FC Kiffen men's first team are competing in Group A of the Kakkonen. This is the fourth tier of the Finnish football system.

FC Kiffen women's first team are competing in Group A of the Kakkonen. This is the third tier of the Finnish football system.

FC Kiffen/2 are participating in the Section 3 of the Kutonen (Sixth Division).

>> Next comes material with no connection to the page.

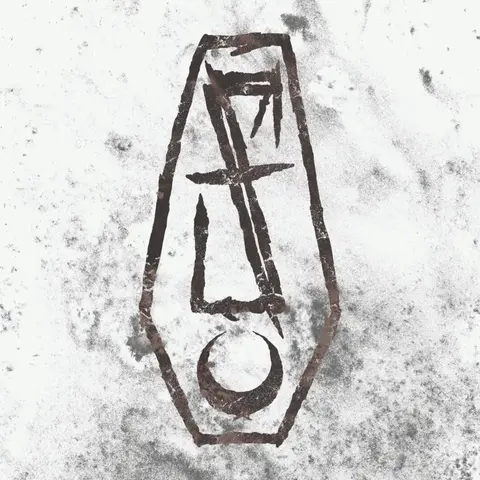 Flesh Coffin (Re-Issue 2025)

FC Kiffen/3 are participating in the Section 1 of the Nelonen (Fourth Division).

===Current squad===

| No. | Pos. | Nation | Player |
|---|---|---|---|
| 1 | GK | UKR | Sergiy Shumilov |
| 4 | DF | FIN | Arttu Loukiainen |
| 5 | DF | FIN | Niilo Anttila |
| 6 | MF | FIN | Fesal Mohamed |
| 7 | MF | FIN | Riku Niska |
| 8 | MF | FIN | Jimi Kovalainen |
| 9 | FW | FIN | Janne Partanen |
| 10 | FW | FIN | Mauricio Hopsu |
| 11 | FW | FIN | Aki Haajanen |
| 12 | GK | FIN | Robin Källman |
| 13 | MF | FIN | Viljami Jurvanen |
| 14 | MF | FIN | Benjamin Thurling |
| 15 | FW | FIN | Joona Kyander |
| 16 | MF | FIN | Viljami Unikkolinna |

| No. | Pos. | Nation | Player |
|---|---|---|---|
| 17 | MF | FIN | Akseli Lehtojuuri |
| 18 | FW | FIN | Arthur Prince Rugumiriza |
| 19 | FW | FIN | Milan Peetumber |
| 20 | FW | FIN | Onni Puumala |
| 21 | FW | FIN | Ilmari Lappalainen |
| 22 | DF | FIN | Zakaria Osman |
| 23 | MF | FIN | Romy Nevalainen |
| 24 | MF | FIN | Rasmus Ruismäki |
| 25 | DF | KOS | Gentrit Ferati |
| 27 | DF | FIN | Tuomas Saarikko |
| 28 | DF | FIN | Arttu Mäkinen |
| 31 | DF | FIN | Anwar Abdi |
| 32 | GK | FIN | Egzon Mehmeti |
| 37 | FW | FIN | Mikko Koivumäki |

===Management===
Updated 9 January 2021

| Name | Role |
|---|---|
| FIN Niko Leppänen | Head coach |
| GHA Seth Ablade | Assistant coach |
| FIN Jari Hakala | Coach |
| FIN Seppo Felt | Goalkeeping coach |
| FIN Teemu Itkonen | Kit Manager |
| FIN Raynold Dickmann | Honorary Kit Manager |
| FIN Kimmo Silventoinen | Team Manager |
| FIN Henrik Lindström | First Team Administrator |
| FIN Janne Wikman | Executive Director |
| FIN Jaakko Jokilahti | Media |

==Bandy==
The club played bandy in its early years and was the runner-up for the Finnish championship five times between 1917 and 1932.

==Ice hockey==
Kiffen played under the name KIF in the Finnish SM-sarja for several occasions. KIF won the SM-sarja 3 times (1939, 1941 and 1943). KIF played its final SM-sarja season in 1952 and has not been playing top level ice hockey since.

==Handball==
Kiffen has one of the most successful Handball teams in Finland. Kiffen played in the Finnish Handball League from 1969 to 2003. Kiffen's best years were during the 1970s when they were 10 times in the medals.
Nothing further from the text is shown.